The Calgary Firefighter’s Association said the safety of river users in the city was impacted when a rescue boat was temporarily taken out of service on Tuesday.
Mike Henson, the association’s president, said the boat services the northwest leg of the Bow River as well as any small lakes with waterfront properties.
Henson said the boat was temporarily removed from service — or browned out — from 7:30 a.m. to 5:30 p.m. on Tuesday.
On social media, the CFA pointed to budget concerns as the reason for pulling the boat from service for the day.
“Water rescue coverage in northwest Calgary is significantly delayed at this time. Due to recent budget cuts, there is a lack of available firefighters and trained aquatics personnel in this area,” a CFA tweet read.
Henson said it is extremely rare for the fire department to take this sort of action that directly impacts frontline services.
“So this is the first time in…15 years that we have browned out any service,” said Hanson.
He said that recent pressure on fire and rescue services to cut costs means more service interruptions could be imminent.
This comes just weeks after CFA said the department has been asked to cut $9 million from its 2019 budget.
“This, I believe, could be the way of the future,” said Hanson. “Because of budgetary concerns and because of constraints, it might be a rotating brownout.
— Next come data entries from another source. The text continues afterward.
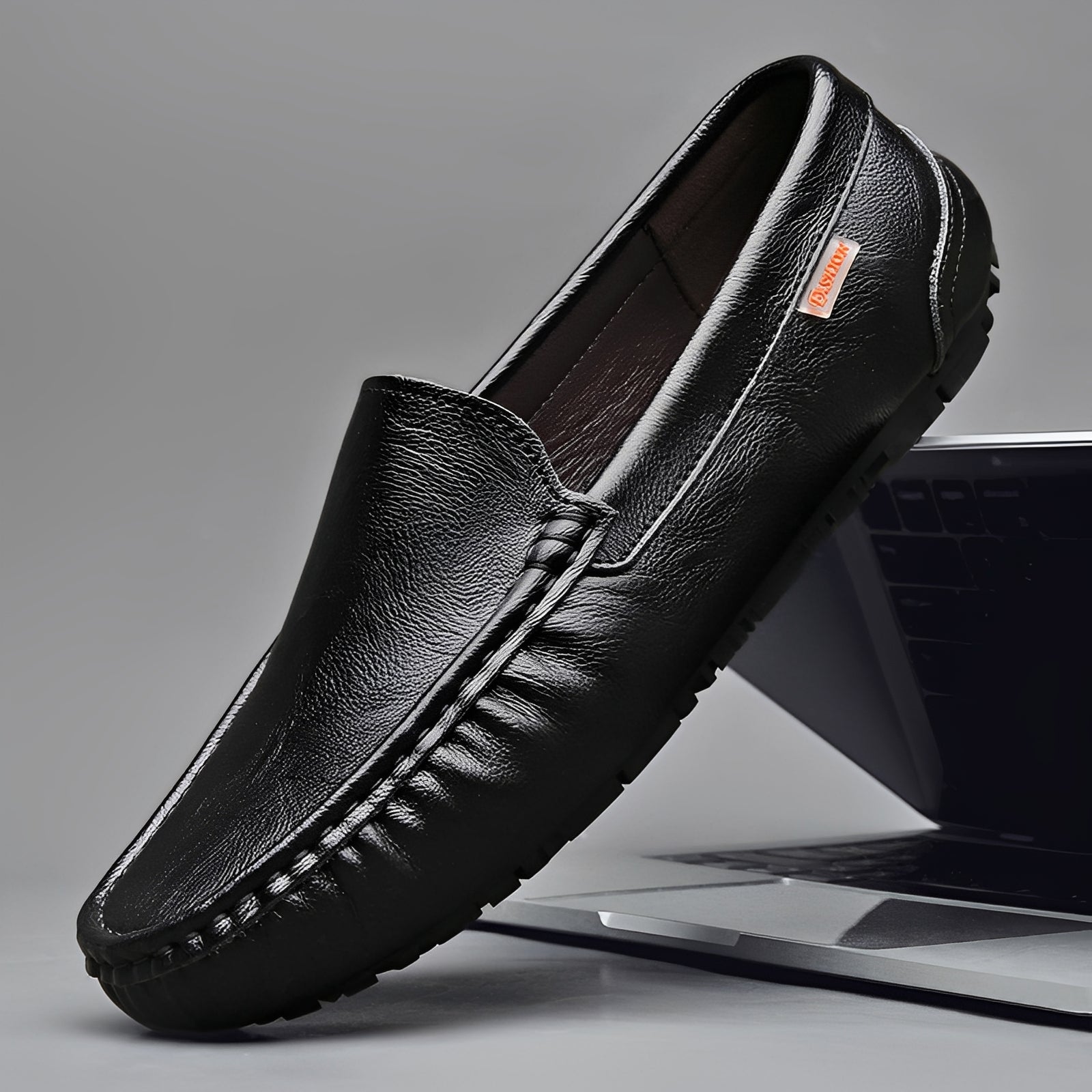 Jacob - Stylowe buty męskie na oficjalne wydarzenia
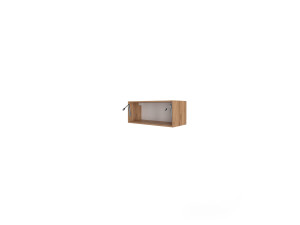 Корпус кухонний секцiя верхня 80В/360 1дв Aventos Pro Blum(Дуб Крафт (Серія М))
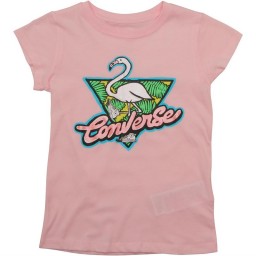 Converse Flamingo T-Arctic Punch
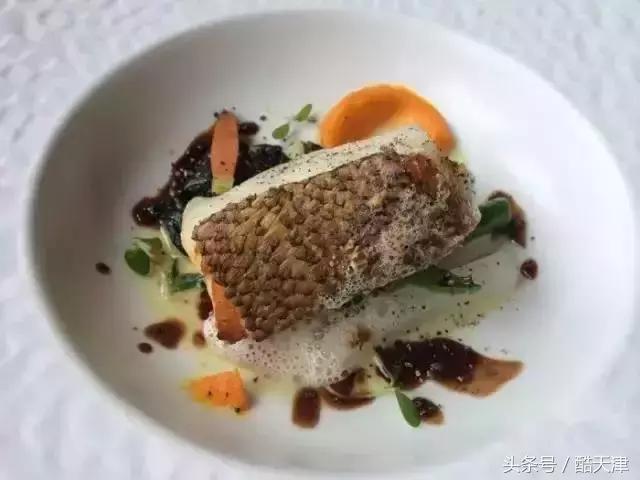 天津十大奢侈餐厅,天津必吃的五家餐厅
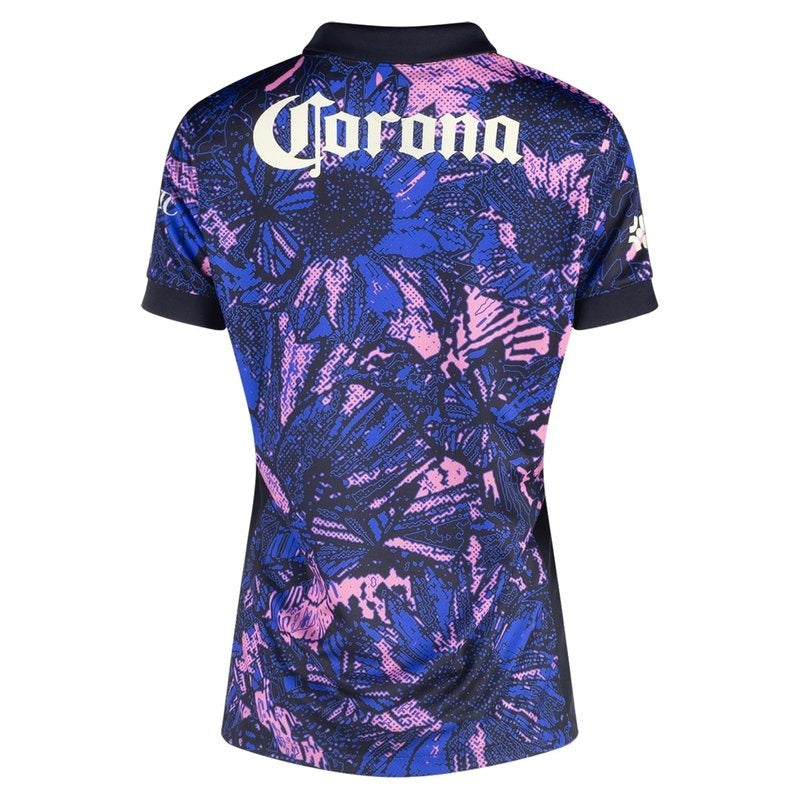 Club Am������������������rica 24/25 III Third Jersey - Women's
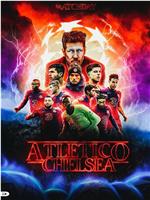 Atletico Madrid vs Chelsea在线观看和下载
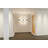 QB Flush Mounted Sconce-40007096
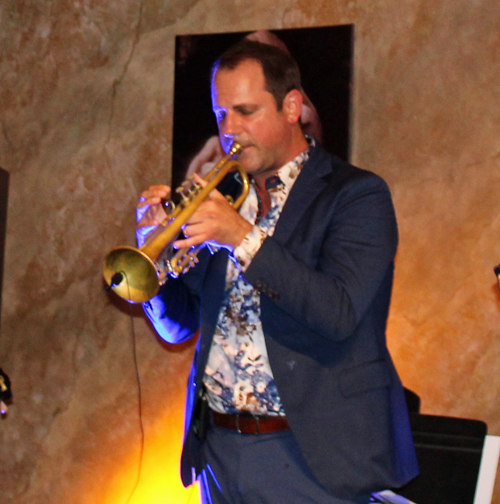 Dominick Farinacci 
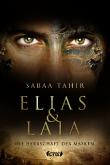 Elias & Laia - Die Herrschaft der Masken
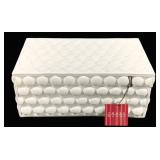 Three Hands Decorative Storage Box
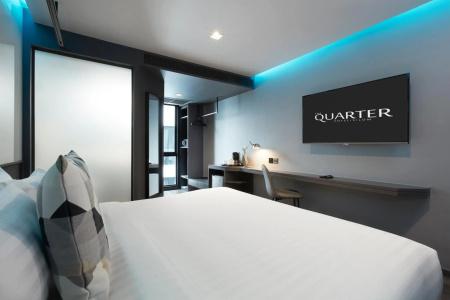 The Quarter Silom by UHG - 11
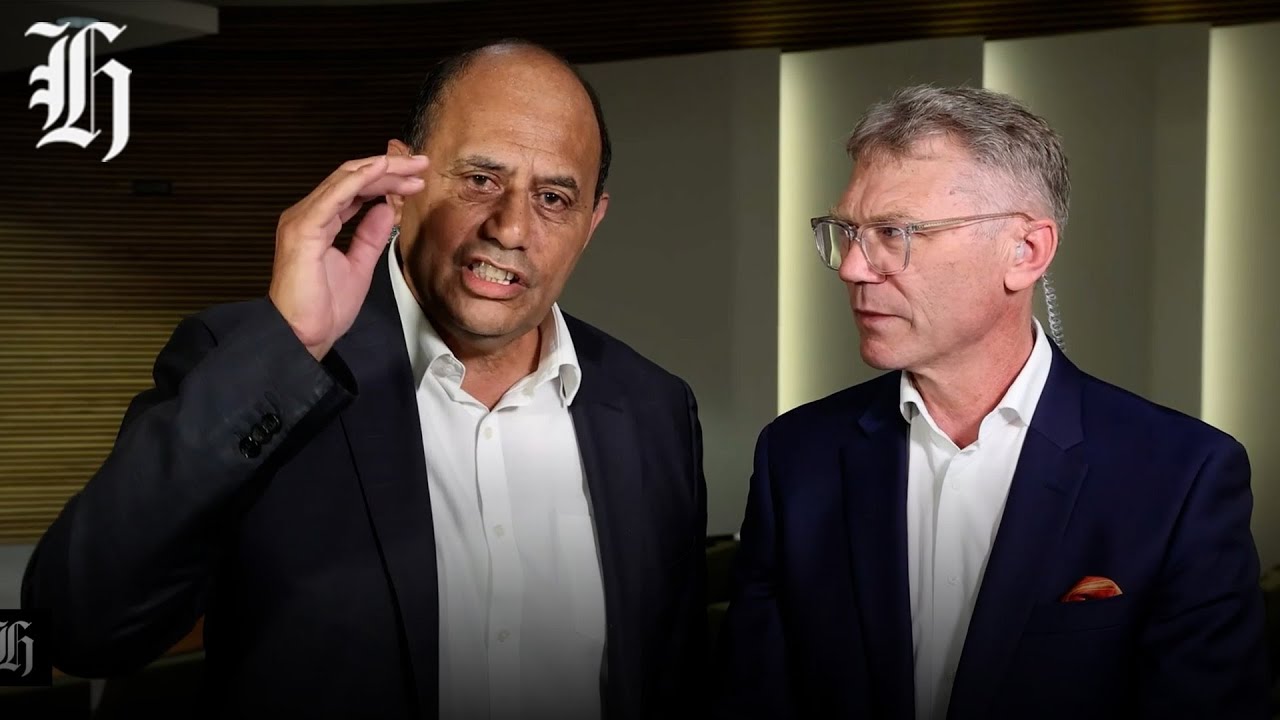 Trump stops bill to make big tech pay for Kiwi media: Herald NOW politics panel | Herald NOW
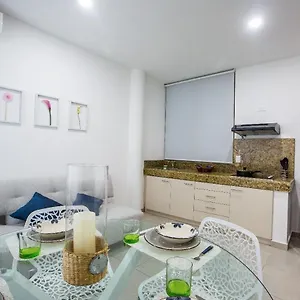 Vale Apartament Apartment Playa del Carmen
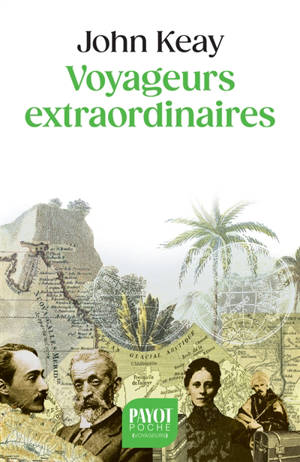 Voyageurs extraordinaires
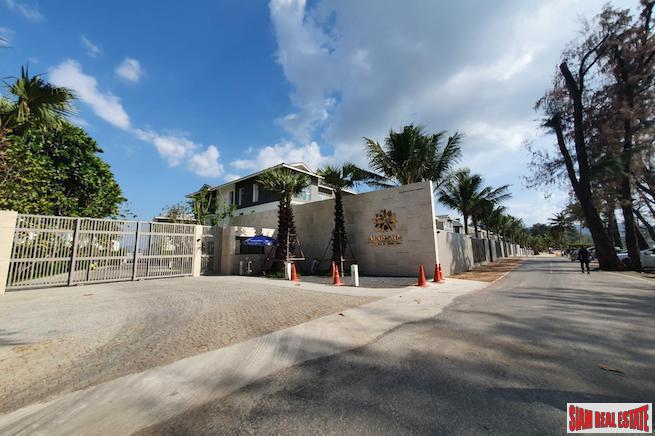 Moevenpick Residences Bangtao Beach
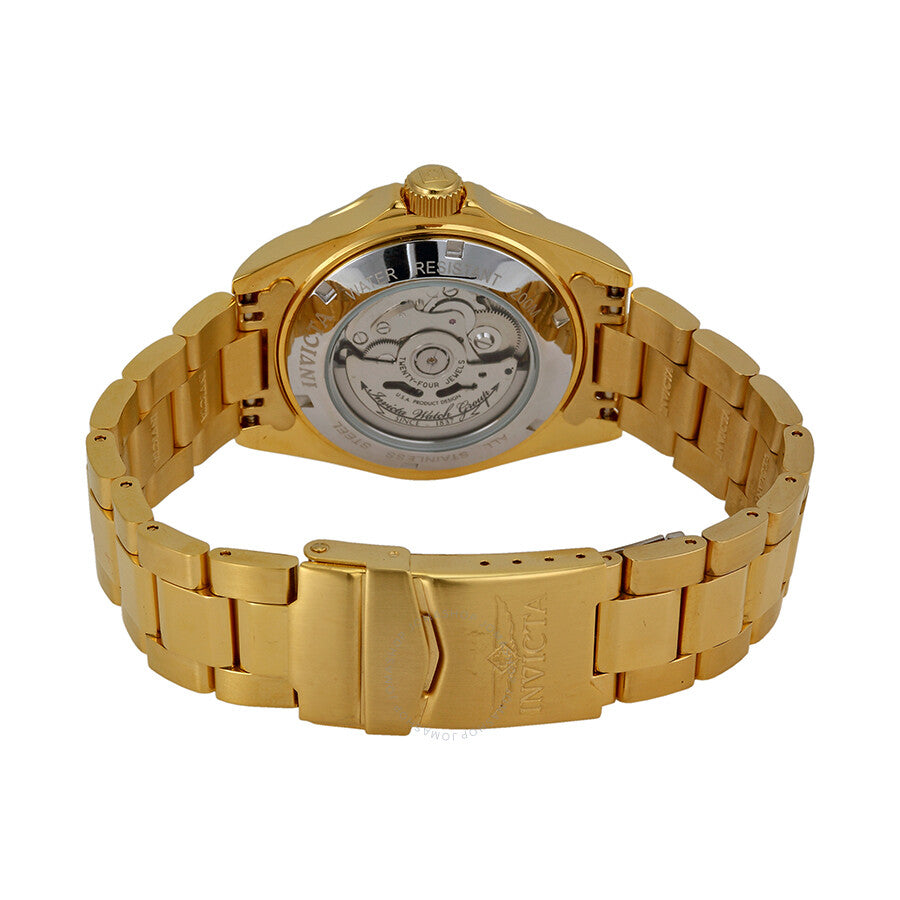Invicta Men's Pro Diver Collection Automatic Watch 9010 - Dawson Watches #3
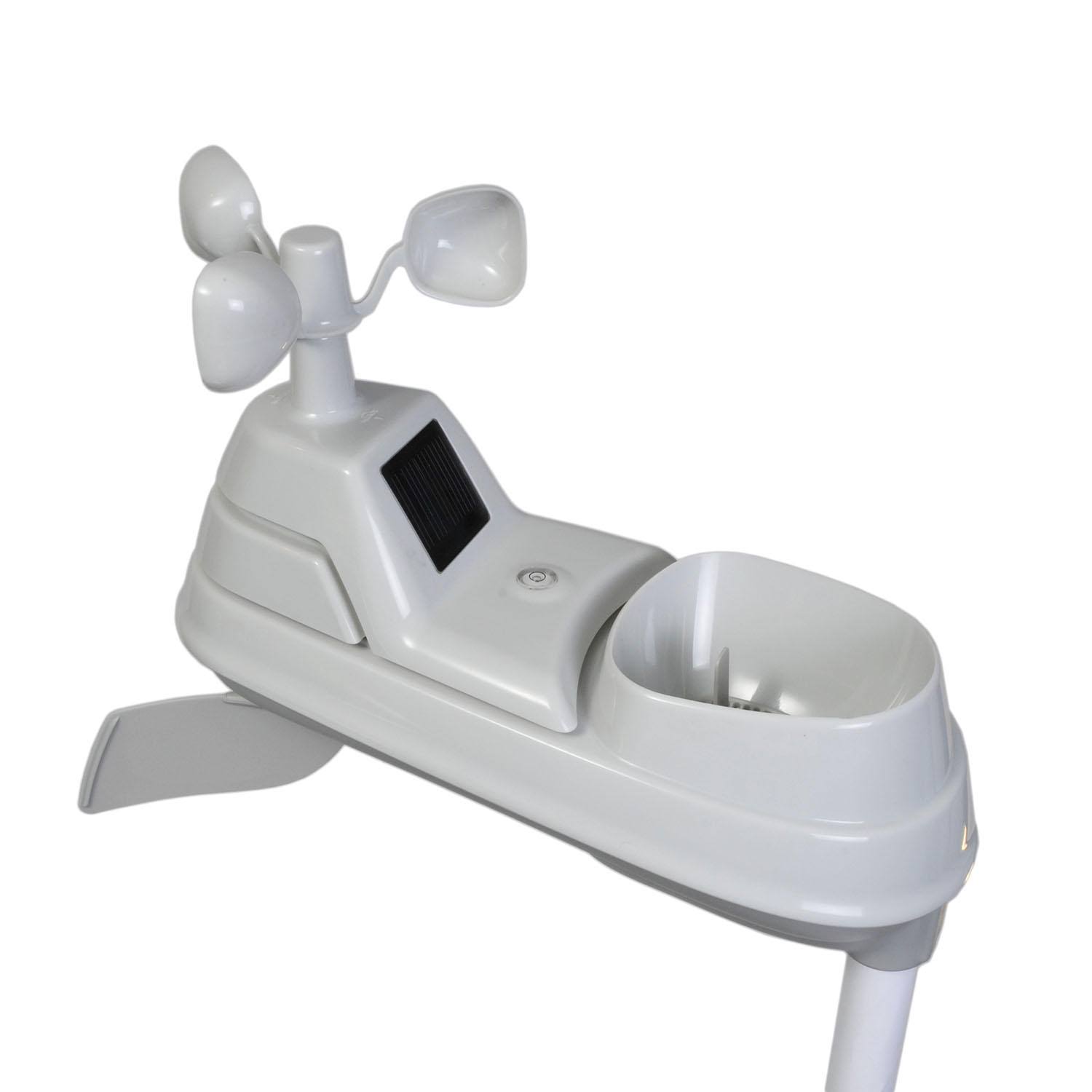 Acurite 01022m 5-in-1 Weather Station with Lightning Detection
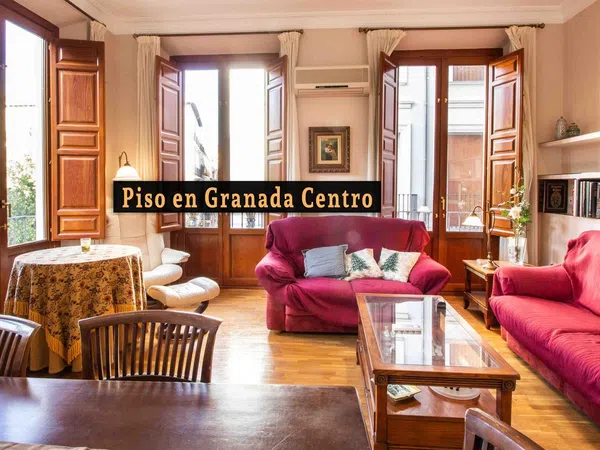 Piso en calle Príncipe, 13 - Foto 24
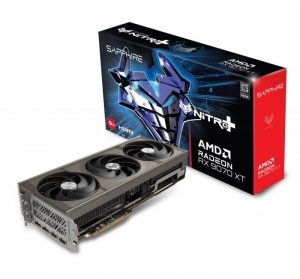 VGA PCIE16 RX9070XT 16GB GDDR6/NITRO+ 11348-01-20G SAPPHIRE
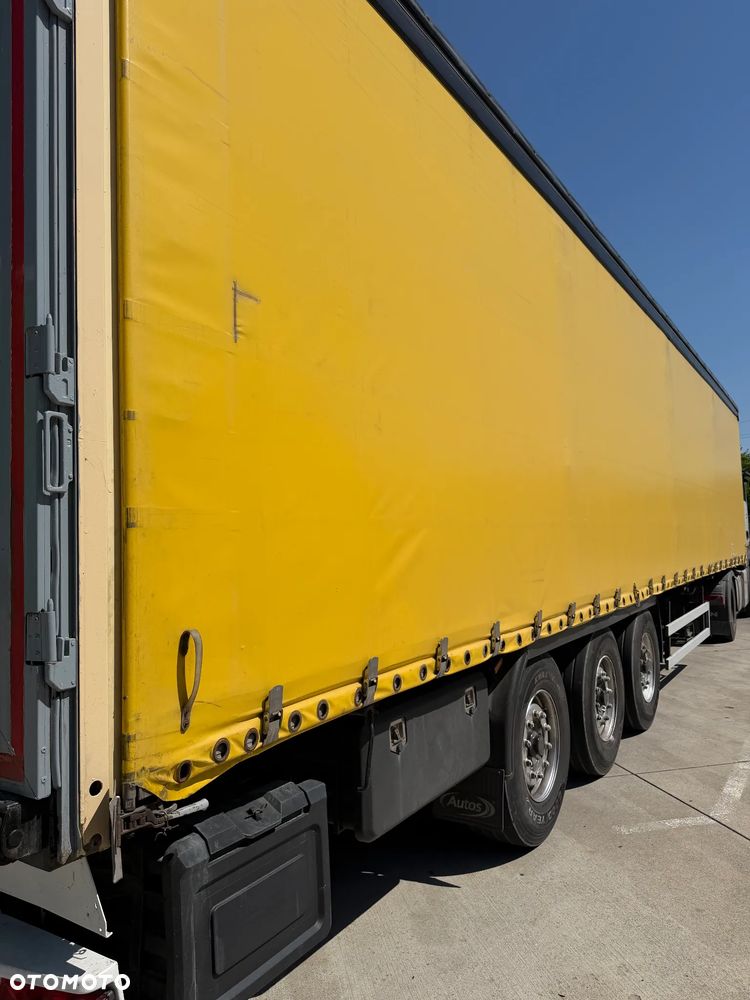Schmitz Cargobull Standard - 6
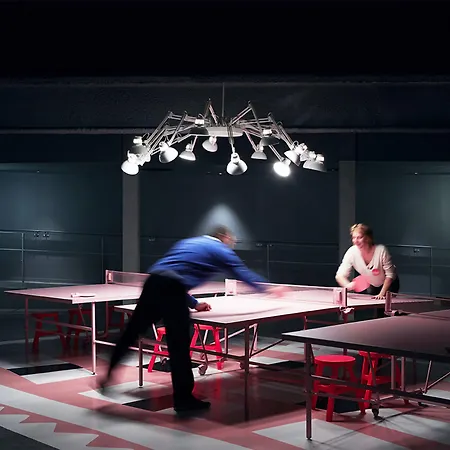 Mama Shelter Centre 3*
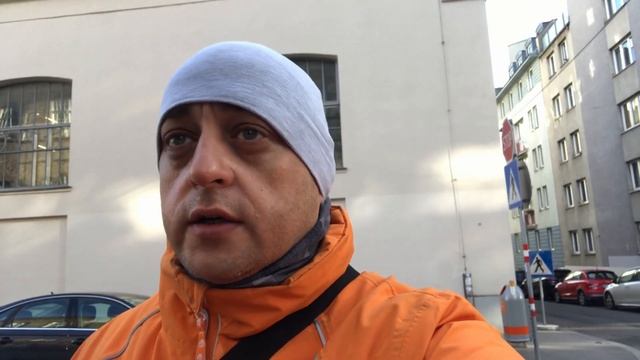 Мото Курьер ?в Европе Работаю в Liferando Все Плюсы и Минусы |СПБ|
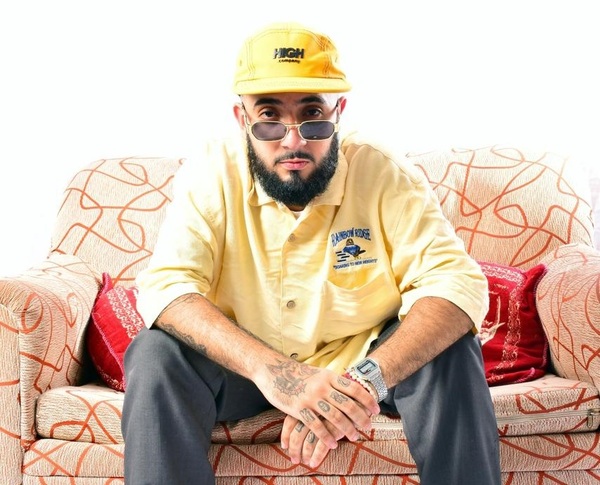 "Oki doggy", de Oudi the kidd, ya disponible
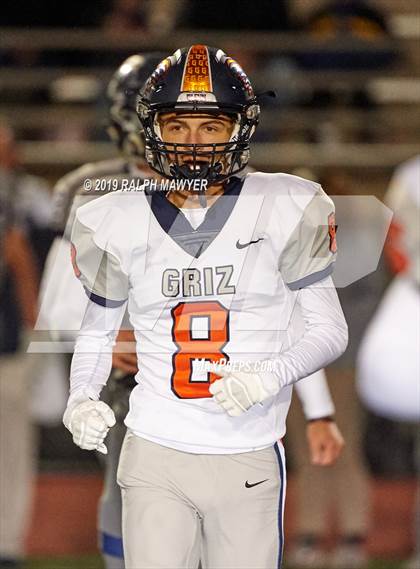 Thumbnail 1 in Glenn @ Boerne-Champion photogallery.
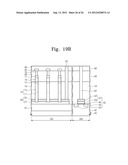 VARIABLE RESISTIVE MEMORY DEVICE AND METHOD OF MANUFACTURING THE SAME diagram and image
It may be rotating between different apparatus or different services.”
Hanson said that if there are more impacts to Calgary Fire Department services, the association will continue to let Calgarians know when and where the brownouts are taking place.
The City of Calgary replied to the CFA post and said while cost concerns are real, the recent weather also had an impact on which piece of equipment was benched.
“Calgary Fire decided to proactively reduce overtime costs and to operate within budget,” a City of Calgary tweet read. “With fewer citizens using Calgary’s waterways due to cooler weekday temperatures, we believe the two remaining boats can provide the necessary rescue response when needed.”
Hanson said there were still two other rescue boats along the river ready to respond if needed, but response times to the northwest would have been 10 to 15 minutes longer than normal.
The rescue boat returned to service Tuesday evening but Hanson said the battalion and deputy fire chiefs will be making decisions on whether or not to brownout any other pieces of equipment on a shift-by-shift basis.